One of my favorite things about the fall is that it is soup season. And one of my favorite soups is butternut squash soup! I make this recipe every two weeks on Sunday and I have it for lunch during the week with a grilled cheese. It’s so easy and quick to do because you dump all of the ingredients into the Instant Pot and let it do its thing. The hardest part (or should I say the longest part) is getting all your vegetables peeled and cut. Delicious, warm and perfect for the holidays I recommend you give this recipe a try!
6 servings / 20 mins prep time / 1 hour total time
4 cups vegetable stock
1 large pear, peeled and cubed
2 garlic, grated
1 onion, thinly sliced
1 butternut squash, peeled and cubed
½ tsp ground sage
1 tsp pumpkin pie spice
½ tsp cinnamon
½ tsp salt
¼ tsp pepper
¼ cup cream
Add all your ingredients to the instant pot except for the cream and give it a good mix.

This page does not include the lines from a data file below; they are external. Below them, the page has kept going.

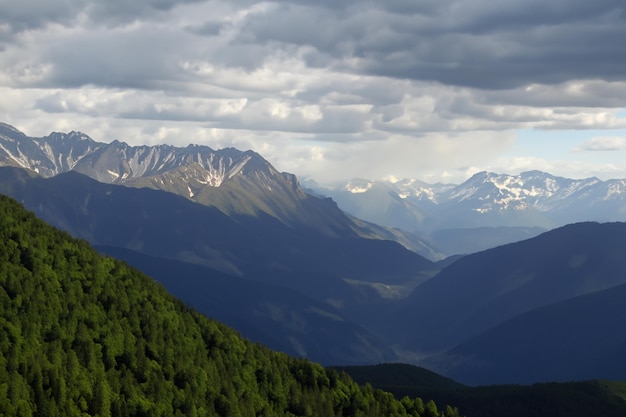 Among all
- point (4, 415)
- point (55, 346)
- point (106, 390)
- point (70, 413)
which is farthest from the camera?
point (55, 346)

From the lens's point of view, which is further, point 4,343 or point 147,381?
point 147,381

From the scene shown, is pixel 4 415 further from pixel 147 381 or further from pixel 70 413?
pixel 147 381

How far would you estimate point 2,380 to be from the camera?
16462 centimetres

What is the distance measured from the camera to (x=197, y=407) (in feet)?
649

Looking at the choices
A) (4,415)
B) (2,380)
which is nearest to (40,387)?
(2,380)

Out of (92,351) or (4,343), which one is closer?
(4,343)

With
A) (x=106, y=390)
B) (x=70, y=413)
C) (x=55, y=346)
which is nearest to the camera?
(x=70, y=413)

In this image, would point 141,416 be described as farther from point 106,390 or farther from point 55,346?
point 55,346

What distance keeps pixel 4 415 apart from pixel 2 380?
1746cm

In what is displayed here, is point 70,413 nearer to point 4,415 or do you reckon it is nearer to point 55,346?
point 4,415

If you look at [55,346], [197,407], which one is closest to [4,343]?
[55,346]

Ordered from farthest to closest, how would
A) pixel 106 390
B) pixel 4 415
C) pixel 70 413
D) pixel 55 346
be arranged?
pixel 55 346
pixel 106 390
pixel 70 413
pixel 4 415

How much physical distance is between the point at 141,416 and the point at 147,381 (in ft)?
60.2

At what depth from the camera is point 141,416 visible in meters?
181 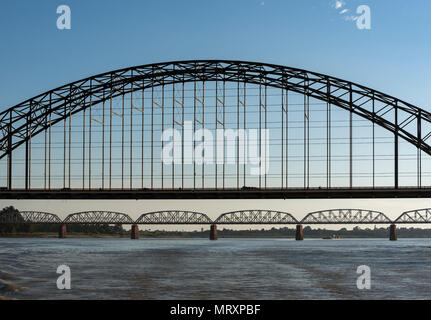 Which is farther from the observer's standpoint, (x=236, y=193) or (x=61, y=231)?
(x=61, y=231)

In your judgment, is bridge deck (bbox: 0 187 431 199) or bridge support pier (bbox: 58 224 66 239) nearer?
bridge deck (bbox: 0 187 431 199)

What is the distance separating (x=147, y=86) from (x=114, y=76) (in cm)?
425

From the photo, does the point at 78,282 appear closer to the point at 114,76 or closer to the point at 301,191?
the point at 301,191

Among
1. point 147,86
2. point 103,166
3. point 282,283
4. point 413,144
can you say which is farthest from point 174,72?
point 282,283

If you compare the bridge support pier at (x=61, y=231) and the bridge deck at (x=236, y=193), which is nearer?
the bridge deck at (x=236, y=193)

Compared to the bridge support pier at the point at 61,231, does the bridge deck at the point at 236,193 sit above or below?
above

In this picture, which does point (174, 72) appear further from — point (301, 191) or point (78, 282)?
point (78, 282)

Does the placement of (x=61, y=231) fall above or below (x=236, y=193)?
below

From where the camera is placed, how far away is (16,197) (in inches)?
3118

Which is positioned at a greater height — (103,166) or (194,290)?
(103,166)

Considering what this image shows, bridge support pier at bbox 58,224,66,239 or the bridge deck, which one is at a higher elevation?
the bridge deck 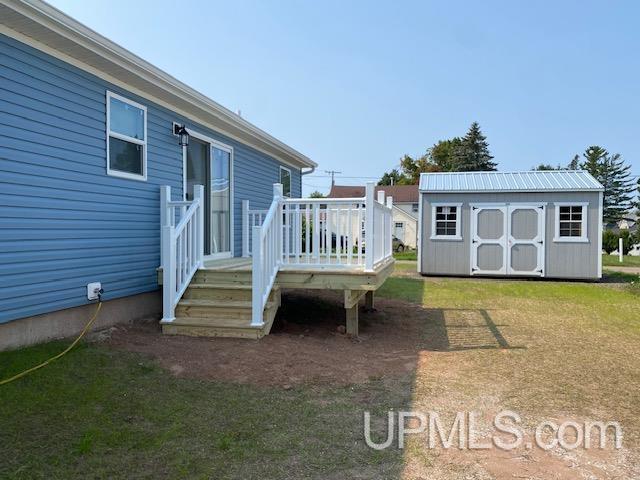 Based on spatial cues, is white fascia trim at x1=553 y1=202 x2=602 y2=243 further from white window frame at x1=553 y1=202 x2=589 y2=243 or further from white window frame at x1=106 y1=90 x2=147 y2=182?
white window frame at x1=106 y1=90 x2=147 y2=182

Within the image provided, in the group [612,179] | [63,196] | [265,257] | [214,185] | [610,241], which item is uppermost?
[612,179]

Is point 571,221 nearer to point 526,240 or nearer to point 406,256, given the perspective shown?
point 526,240

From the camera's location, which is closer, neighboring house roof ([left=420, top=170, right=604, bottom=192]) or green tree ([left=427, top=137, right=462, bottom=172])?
neighboring house roof ([left=420, top=170, right=604, bottom=192])

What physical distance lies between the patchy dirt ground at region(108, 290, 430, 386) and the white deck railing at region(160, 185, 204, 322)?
471mm

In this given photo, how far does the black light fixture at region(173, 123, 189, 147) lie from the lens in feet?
22.1

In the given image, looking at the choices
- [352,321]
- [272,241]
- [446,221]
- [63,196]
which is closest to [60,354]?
[63,196]

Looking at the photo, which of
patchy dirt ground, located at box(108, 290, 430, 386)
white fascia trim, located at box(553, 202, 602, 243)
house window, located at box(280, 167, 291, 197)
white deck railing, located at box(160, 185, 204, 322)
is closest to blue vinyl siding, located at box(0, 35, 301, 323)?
white deck railing, located at box(160, 185, 204, 322)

See the pressure valve to sealing. Press the pressure cook setting and set to 15 minutes.
Natural release for 5 minutes and carefully move the valve to venting.
Get an immersion blender and blend the soup or carefully transfer to a blender and blend until pureed.
Add the cream and give it a mix so it is well incorporated.
To serve spoon a ladle or two into a soup bowl. Top with croutons, cream, chives and enjoy!